Tiesto on His Next Album, "Red Lights," and Why He'll "Never Stop Challenging" Himself

Photo by Guy Aroch

Whoa, bro. The world's biggest DJ is finally about to drop a new studio slab?

That's right. And though he has continued to let loose a steady supply of Club Life mixtapes (not to mention a full-length as Allure), it's been almost five years since Tijs Michiel Verwest, best known to EDM fanatics as Tiësto, put out 2009's Kaleidoscope, his last proper artist album.

Now, he won't tell us the upcoming record's title ("I don't even know it," he jokes) or its exact release date. But Tijs does admit that he's growing just as impatient as his most obsessed fans. "I'm going crazy!" he laughs. "I can't wait."

Last week, in the run up to Winter Music Conference, Miami Music Week, and Ultra Music Festival 2014, the $32-million-per-year man chatted with Crossfade about being immortalized in wax, prepping the next album, and why EDM isn't pop.

See also: Pete Tong on Commercial Dance Music: "The Craft Has Gone Up to Another Level"

Crossfade: What's it like knowing that people actually pay money to see a wax statue of Tiësto in a museum?
Tiësto: Well, I don't think that anyone pays to only see me. [Laughs] But it's really cool. And when the statue was just finished, I went to check myself out. So if you look on the Internet, there are photos of me standing next to myself, and we're both wearing the same shirt.

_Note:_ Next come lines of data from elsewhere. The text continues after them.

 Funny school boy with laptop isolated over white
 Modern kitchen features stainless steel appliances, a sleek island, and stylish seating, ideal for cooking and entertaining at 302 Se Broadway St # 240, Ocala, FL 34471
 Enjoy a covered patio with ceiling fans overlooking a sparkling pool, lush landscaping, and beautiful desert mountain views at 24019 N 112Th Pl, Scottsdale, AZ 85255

He's been around since, like, 2007. He's even traveled all the way to Las Vegas and then back to Amsterdam. So he's almost as well traveled as I am.

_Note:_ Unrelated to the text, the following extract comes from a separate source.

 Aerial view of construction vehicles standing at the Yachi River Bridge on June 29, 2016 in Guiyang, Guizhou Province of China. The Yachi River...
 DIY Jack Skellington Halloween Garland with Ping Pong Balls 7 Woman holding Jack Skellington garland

Of course, though, the wax Tiësto isn't gearing up for the release of his next studio album. And the real Tiësto recently dropped the first single, "Red Lights," off that new record.
Yes, I did. The original version of that track is actually already almost two and a half years old. It all started one night in Sweden when I met up with producer Rami Yacoub, who also does a lot of pop stuff, and he played me the chorus. I was like, "Wow, this is so uplifting and euphoric! This is so me!" And I knew that I wanted to work on the track. It was a very long process, but it was definitely worth it.

Interestingly, "Red Lights" opens with some acoustic guitar work. And like you, Avicii recently toyed with a singer-songwriter vibe on "Wake Me Up." Is mixing acoustic or live instruments with synthesized sounds something that'll characterize much of your new album?
It's not a one-off. But the whole album isn't completely like "Red Lights" either. In fact, it's a nice mix of both styles. There are some songs that have acoustic elements, maybe half of them. And then the other half of the tracks are denser, more layered EDM songs.

How close are you to completing the record?
Very close. I've actually completed pretty much all of my work on the album. But I'm waiting to find the right vocalists to nail some of the songs. It is all written and the instrumental tracks are finished. I am just being patient, trying to find the people who can sing the vocal parts the way I want.